Would that men were not so ready to accept the caricature of Calvinism contrived by its enemies, but rather let Calvinism speak for itself, in its confessions. Read the Heidelberg Catechism or the Westminster Catechisms and see for yourself whether Calvinism is hard and cold and cruel or whether it is warm and comforting. Read the Belgic Confession or the Westminster Confession of Faith and see whether Calvinism goes lightly over the law of God and over the good works of the Christian man or whether it trembles before the law, stresses sanctification and insists on the necessity of good works. Read the Canons of Dordt, the Reformed creed that is unsurpassed in its statement of predestination and in its defence of salvation by grace alone, and see whether Calvinism cuts the nerve of a lively preaching of the Gospel, including the serious call of the Gospel to all who come under the preaching. See also the tenderness of the Reformed Faith towards penitent sinners and its deep pastoral concern for afflicted consciences.

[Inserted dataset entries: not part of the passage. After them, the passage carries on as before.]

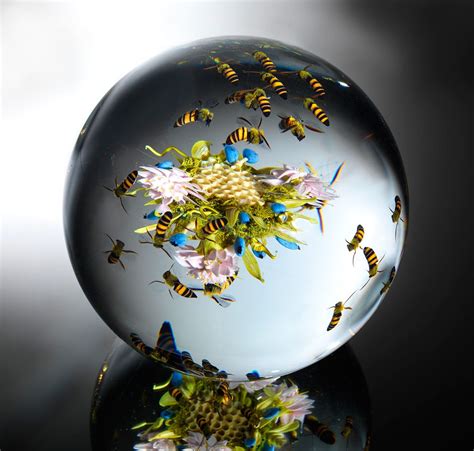 Beauty Beyond Nature: Stunning Artistic Glass Paperweights by Paul J ...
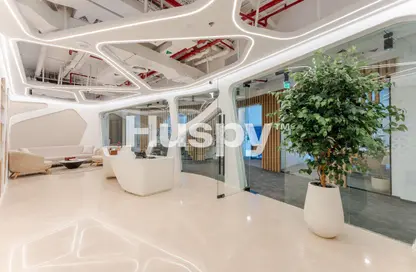 Office Space - Studio - 1 Bathroom for rent in The Opus - Business Bay - Dubai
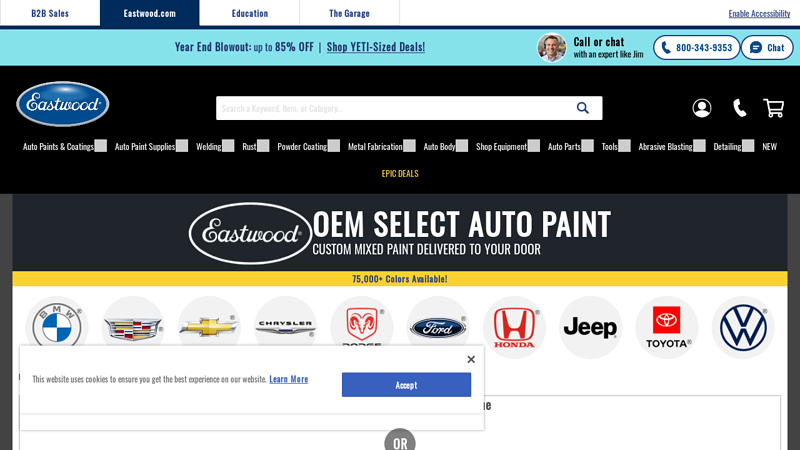 OEM Select Auto Paint
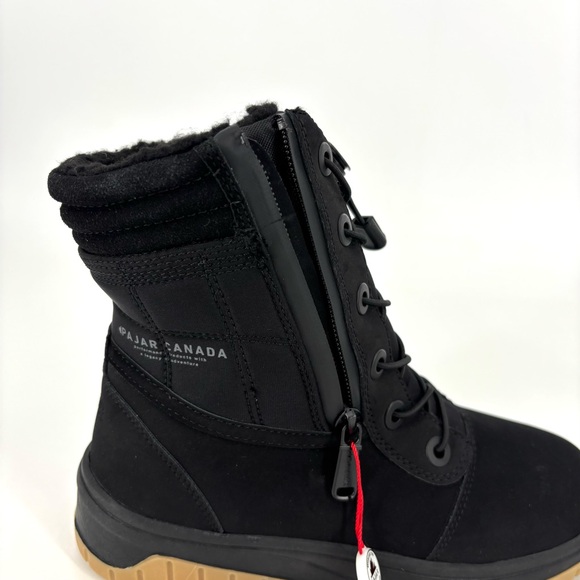 Pajar NWT Boys' Black Troop Waterproof Insulated Snow Boots, 2 - Picture 10 of 16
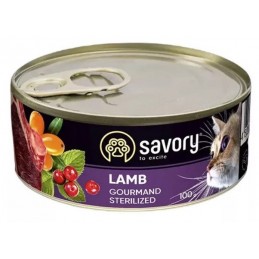 SAVORY Cat Adult Sterilised...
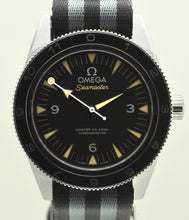 Load image into Gallery viewer, Omega Seamaster 300 Master Co-Axial Chronometer “Spectre” Limited Edition
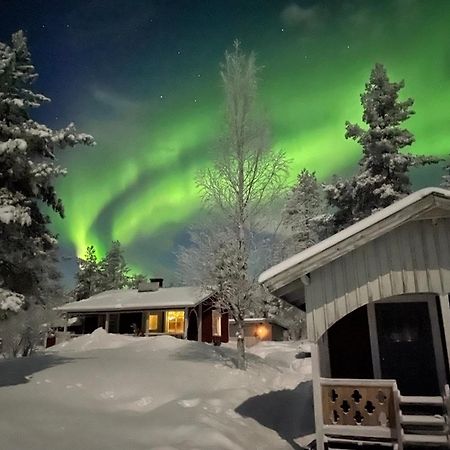 Off-Grid Cabin In Nattavaara Lapland Exterior foto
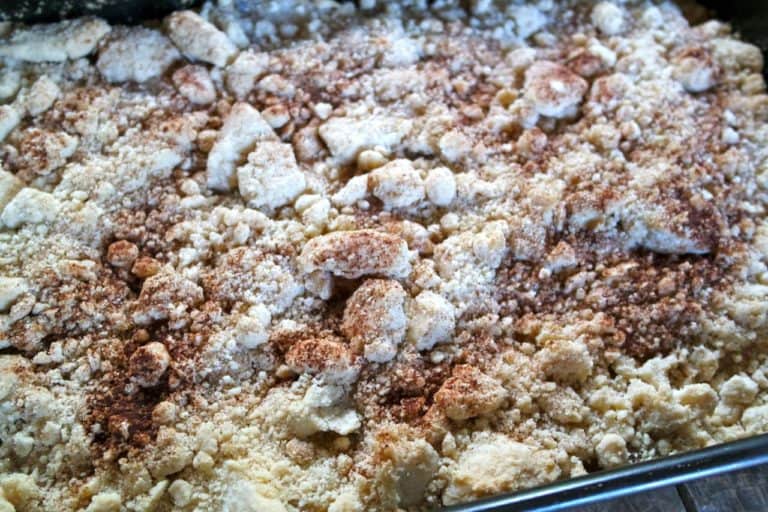 Easy Apple Crumb Cake - Ever After in the Woods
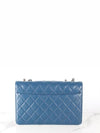 Beauty Rock Large Flap Bag Blue - CHANEL - BALAAN 4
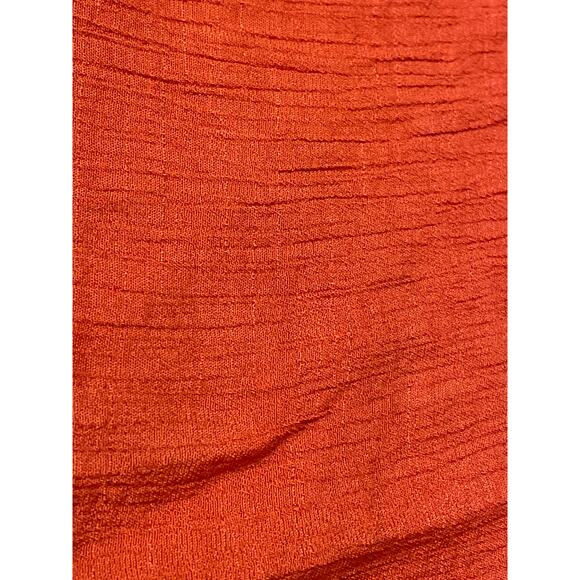 Sweet Wanderer Women's Size Large Button Down Blouse Short Sleeve - Picture 6 of 7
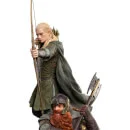 Der Herr der Ringe Figur im Maßstab 1:6 Legolas and Gimli at Amon Hen 46 cm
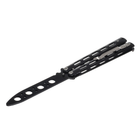 нож складной Тренировочная Gradient F-893 black (t6822) - изображение 2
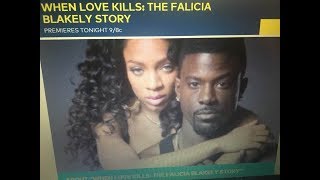 When Love Kills Falicia Blakely Story with Lance Gross and Lil Mama movie review Shante N Rennick [upl. by Stortz429]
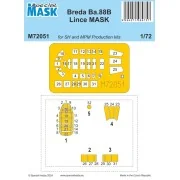 Breda Ba.88B Lince MASK, 1/72 - Special Hobby 100-M72051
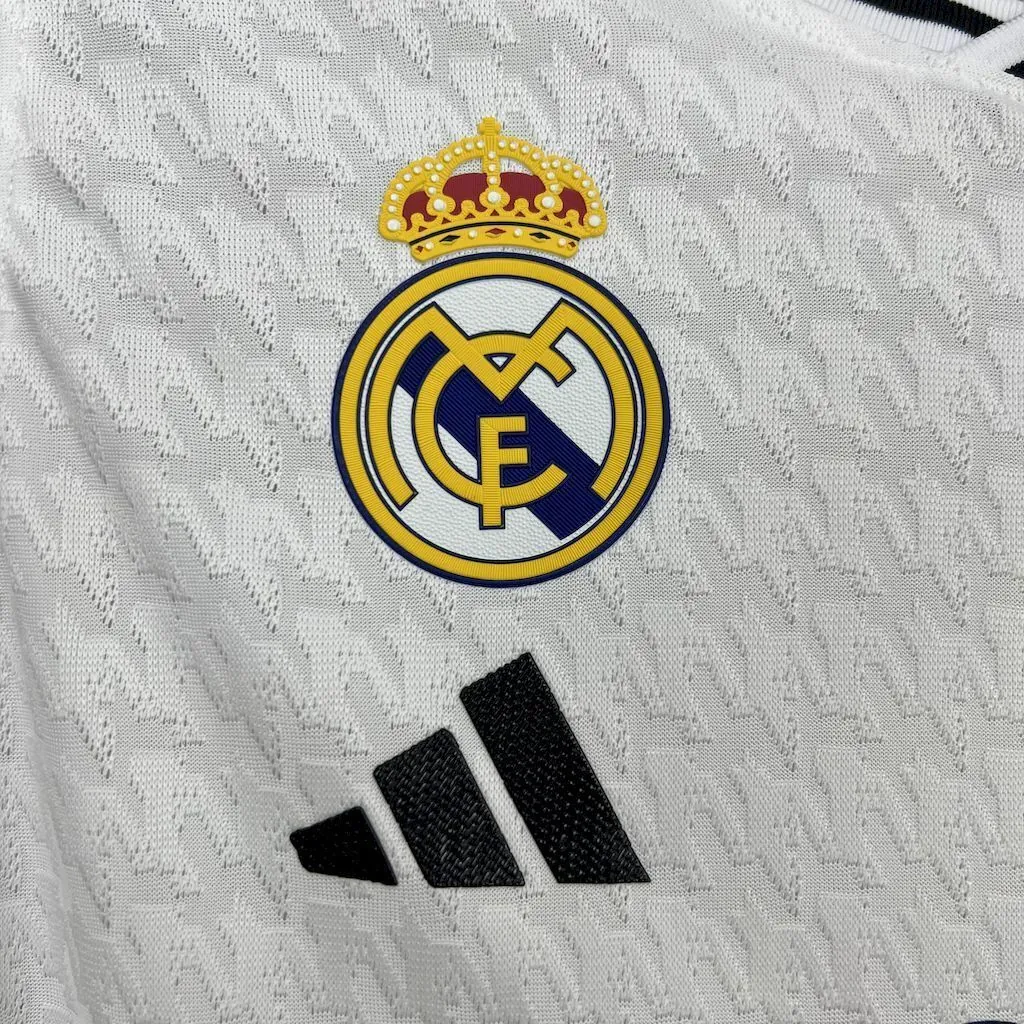 24-25 Real Madrid White Vest Soccer T-Shirt AAAAJersey Supplier Yupoo 1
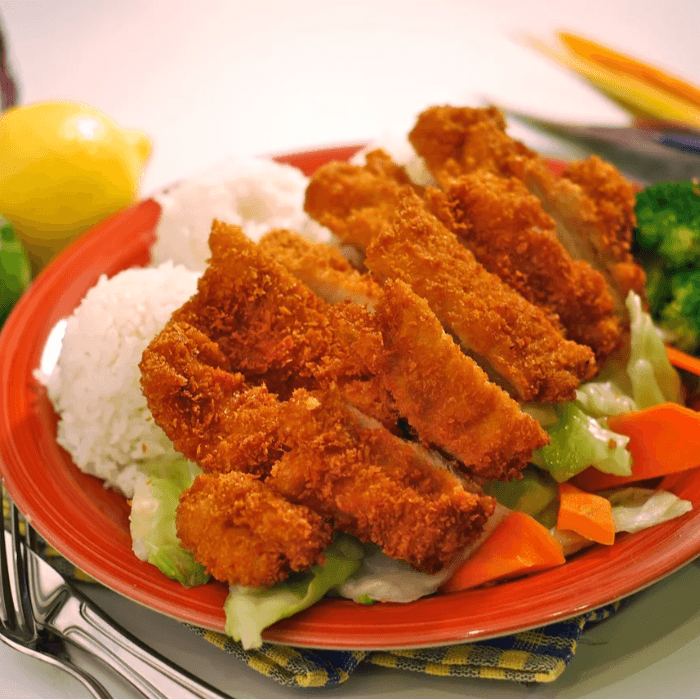 Chicken Katsu (2 choice).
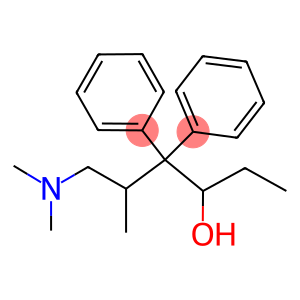 6-(Dimethylamino)-5-methyl-4,4-diphenyl-3-hexanol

At the same time, we Reformed people and churches must refute the caricatures of Calvinism by our life and deeds. This also belongs to an 'apology for Calvinism.' We do well to take heed to ourselves, as well as to our doctrine. Are we zealous for good works? Are we ready to preach the Gospel to every creature and to give an answer to every man that asks us a reason for the hope that is in us? Do we manifest ourselves as joyful, hopeful, confident saints? This we will do, by God's grace, if we live out of the truth of Calvinism, that is, the Gospel.
We have a powerful motive for defending Calvinism. For one thing, as the Gospel it is the only hope for sinful men—the only power of God unto salvation, the only means of the gathering and preserving of the Church.
Even more compelling, Calvinism glorifies God. The glory of God is the heartbeat of Calvinism, and the heart of hearts of every Calvinist. Calvin's enemies have always seen this and have sneered at him as 'that God-intoxicated man.' Calvinism gives the magnificent answer to the question, 'What is the chief end of man? Man's chief end is to glorify God, and to enjoy him for ever' (Westminster Shorter Catechism, Q. & A. 1). But the glory of God is the goal of the Gospel, that is, the goal of God Himself through the Gospel: '... to the praise of the glory of his grace' (Ephesians 1:6). His glory He will not give to another (Isaiah 42:8). 'Of him, and through him, and to him are all things;' to Him, therefore, be glory for ever (Romans 11:36).